The designs, which are used across menus, matchboxes, the Tigre website, business cards and other stationery, and more look to channel Studio 54 era glitz through touches like lush fabrics, mirrors and other reflective surfaces. ‘I think someone described it to us as a glittery jewel box in an early meeting, which sounded quite evocative and stuck in our mind’, says Triboro.
While the studio wouldn’t usually take a site’s interior designs as a direct influence on its graphics – instead often taking a ‘counter statement’ approach, it says – with Tigre, Triboro felt that the decor and spirit of the place, with its subtle references to the gritty former Lower East Side and its music scene, were perfect for the graphics concept.
None other than Grace Jones emerged as a key influence on the typographic approach. Apparently, her name was mentioned many times during early meetings about the project, and this led the studio to thinking about her art/design collaborator Jean Paul Goude – namely, the iconic yellow poster for the single I’ve Seen That Face Before.

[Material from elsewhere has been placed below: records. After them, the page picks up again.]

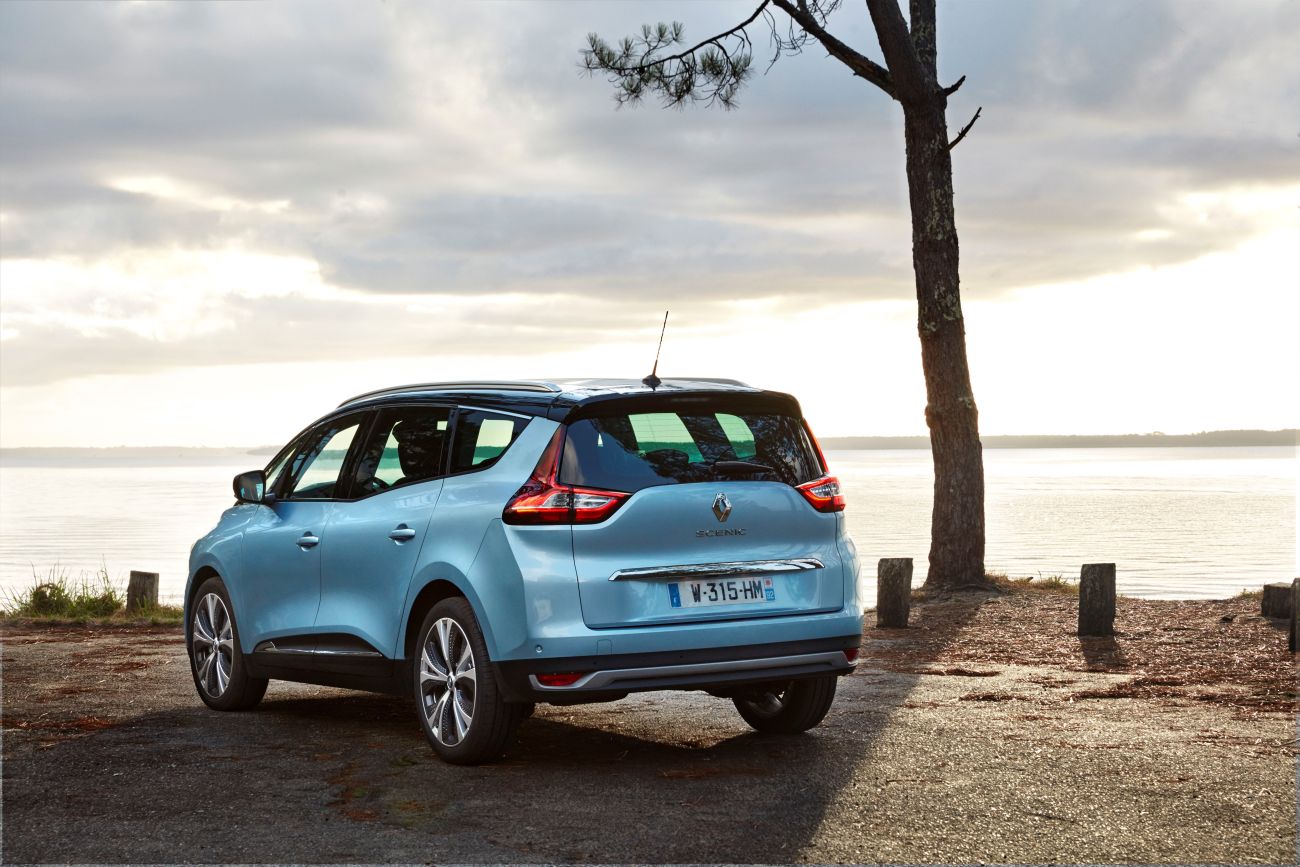 81467_2016_Drive_tests_New_Renault_GRAND_SCENIC_in_the_Bordeaux_region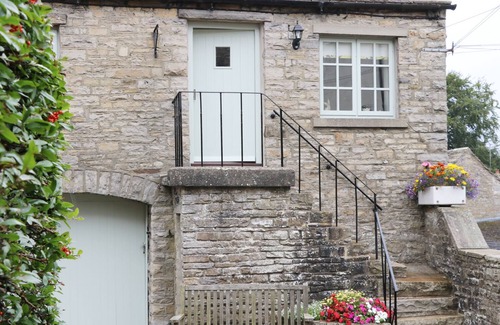 Hawes Cottage | THE HAYLOFT, pet friendly, luxury holiday cottage in Hawes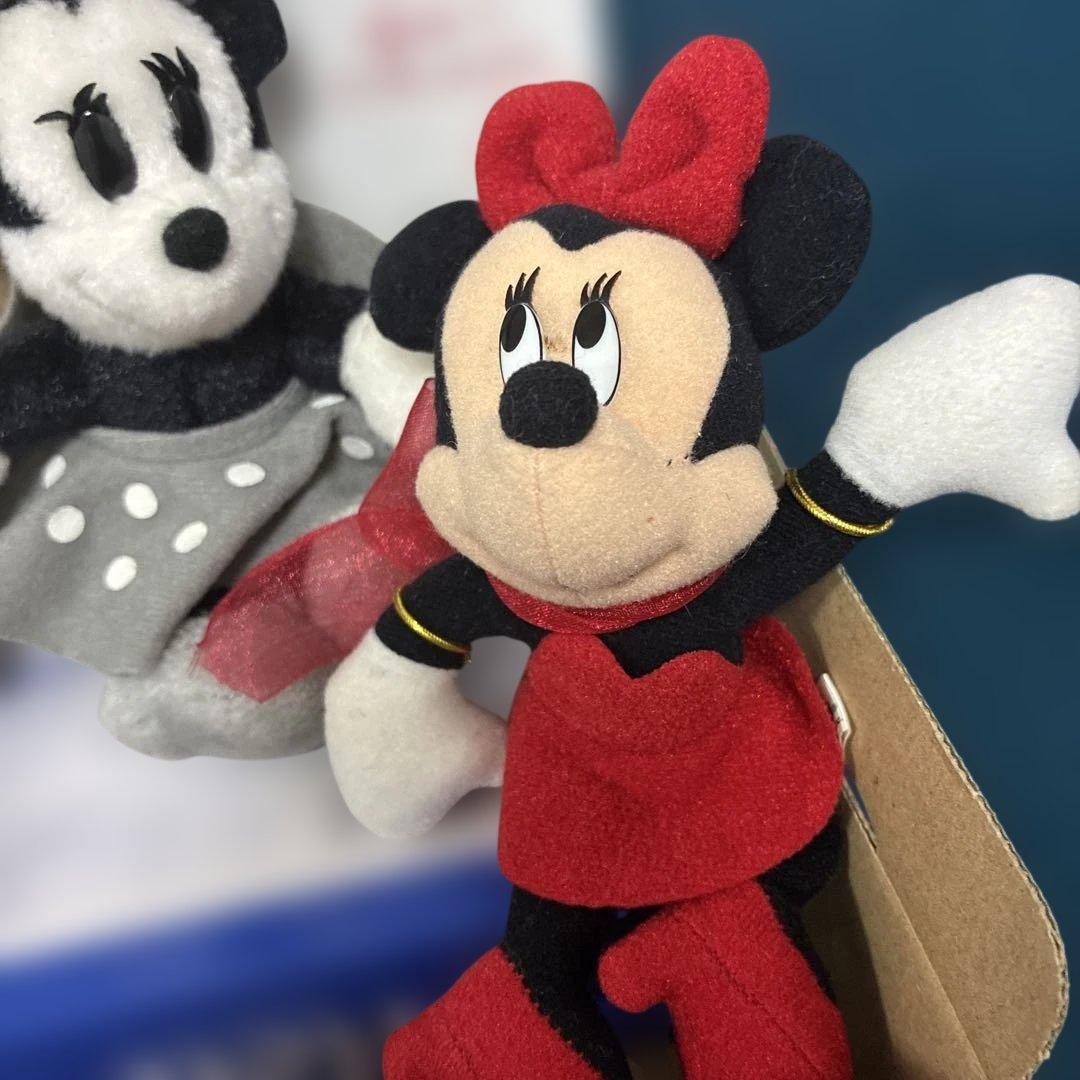 レア物 プレミアミッキーミニーバッチぬいぐるみ 4体 - メルカリ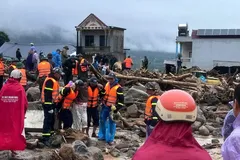 Công tác cứu hộ tại tâm lũ ở xã Mường Than, sáng 18-7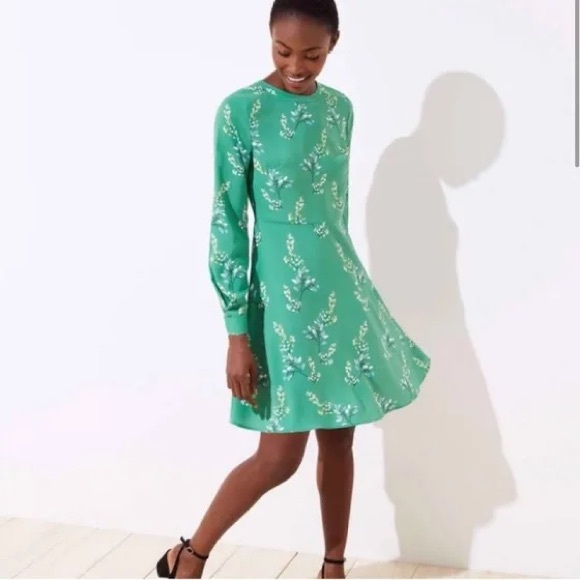 LOFT Dresses & Skirts - LOFT Jade Green Floral Branch Dress Size 8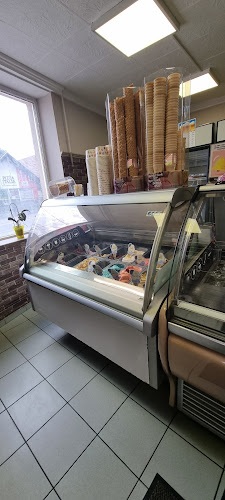 Pomáz, Szabadság tér 5/d, 2013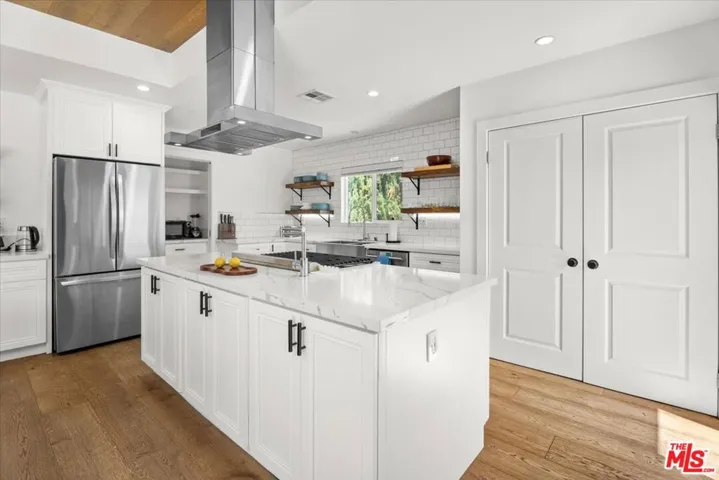 6212 Tunney Avenue, Tarzana, California 91335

Aside from the deliciously spiky wordmark, the type is more pared back: for menus and other text applications such as business cards and online, Triboro paired perennial Linotype classic Franklin Gothic Condensed and a tightly spaced form of Söhne Breit, which its New Zealand-based creators Klim Foundry describe as ‘the memory of Akzidenz-Grotesk framed through the reality of Helvetica‘, and which references the type of the NYC subway system, rooting the identity even more firmly in its LES home.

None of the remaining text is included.